» What is being asked: Repeat nothing but the lines below running from the one containing "Woman's hand puts" to the one containing "View of front". Keep both end lines.

» Records provided:
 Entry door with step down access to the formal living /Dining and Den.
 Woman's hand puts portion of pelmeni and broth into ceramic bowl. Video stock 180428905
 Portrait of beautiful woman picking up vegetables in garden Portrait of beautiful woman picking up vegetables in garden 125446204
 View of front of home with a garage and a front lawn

* * *

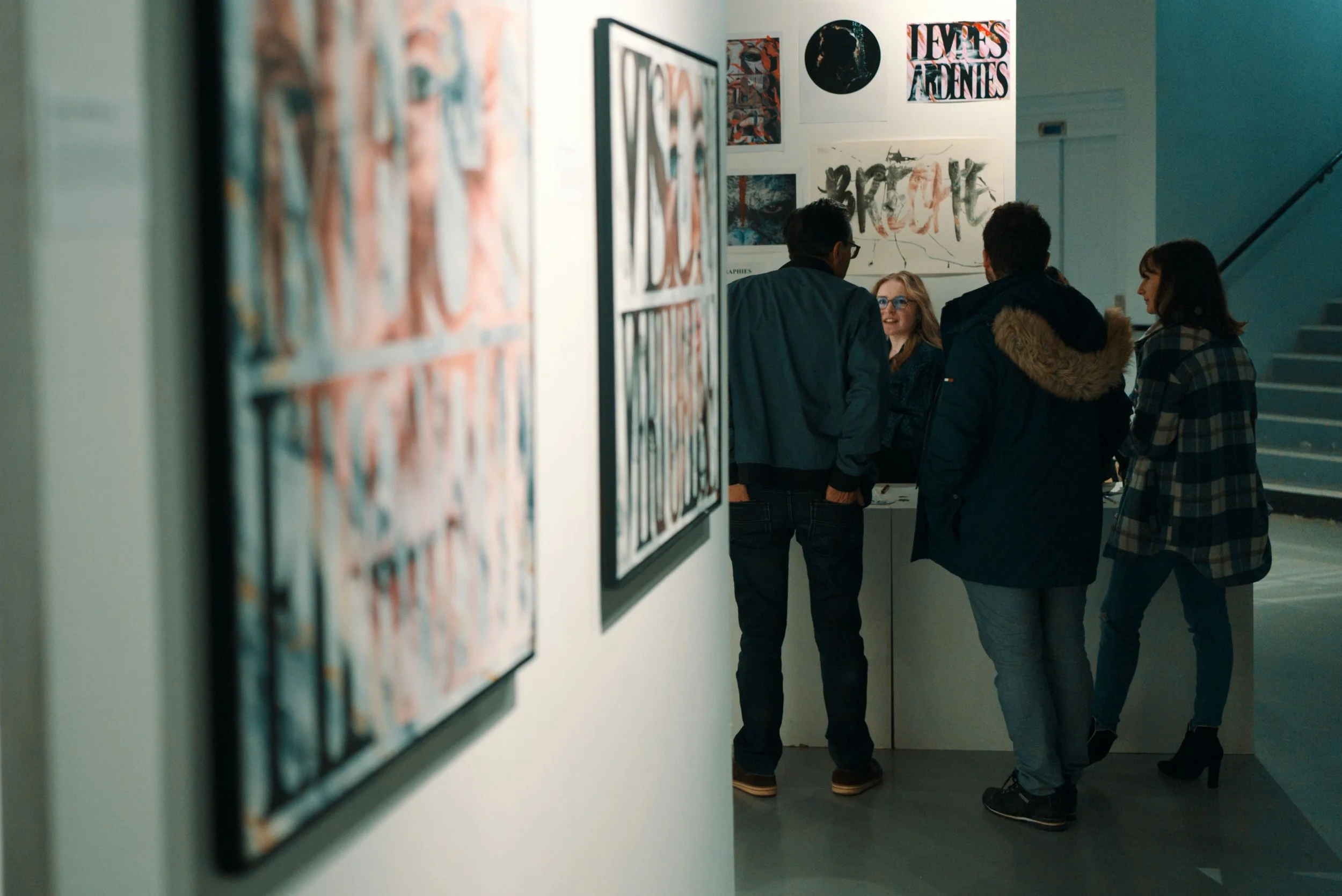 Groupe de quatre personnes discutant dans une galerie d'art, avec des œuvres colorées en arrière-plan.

* * *

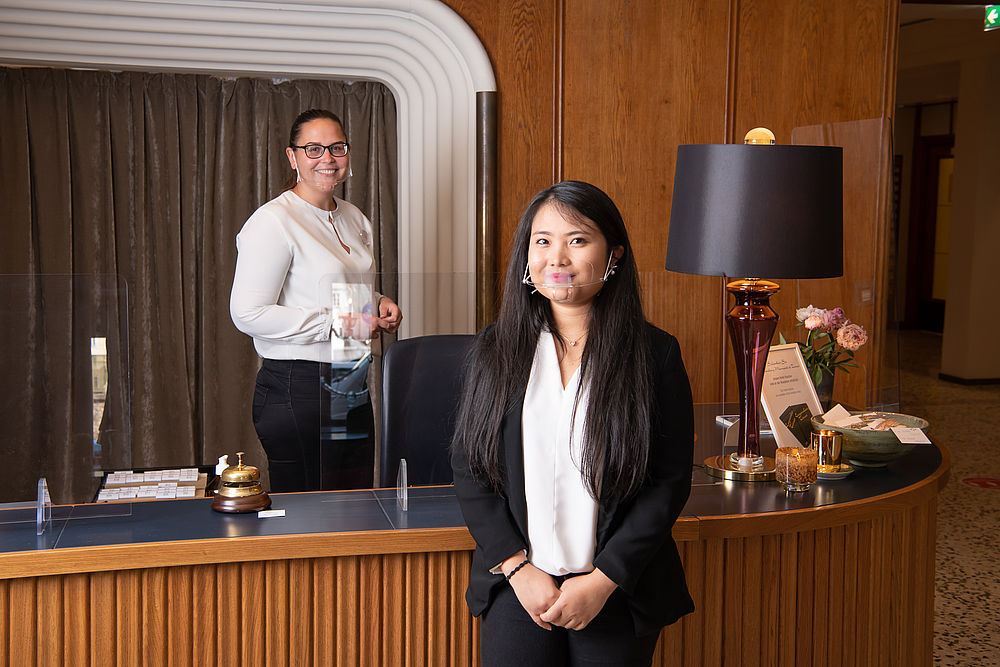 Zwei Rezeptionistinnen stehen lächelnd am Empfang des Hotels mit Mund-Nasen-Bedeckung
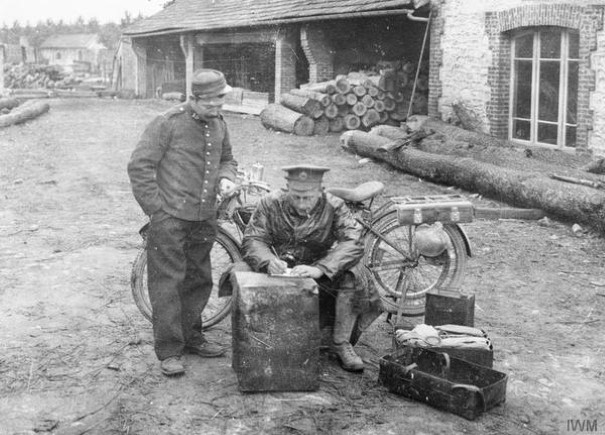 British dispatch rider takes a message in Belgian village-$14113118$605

» Your response:
 Woman's hand puts portion of pelmeni and broth into ceramic bowl. Video stock 180428905
 Portrait of beautiful woman picking up vegetables in garden Portrait of beautiful woman picking up vegetables in garden 125446204
 View of front of home with a garage and a front lawn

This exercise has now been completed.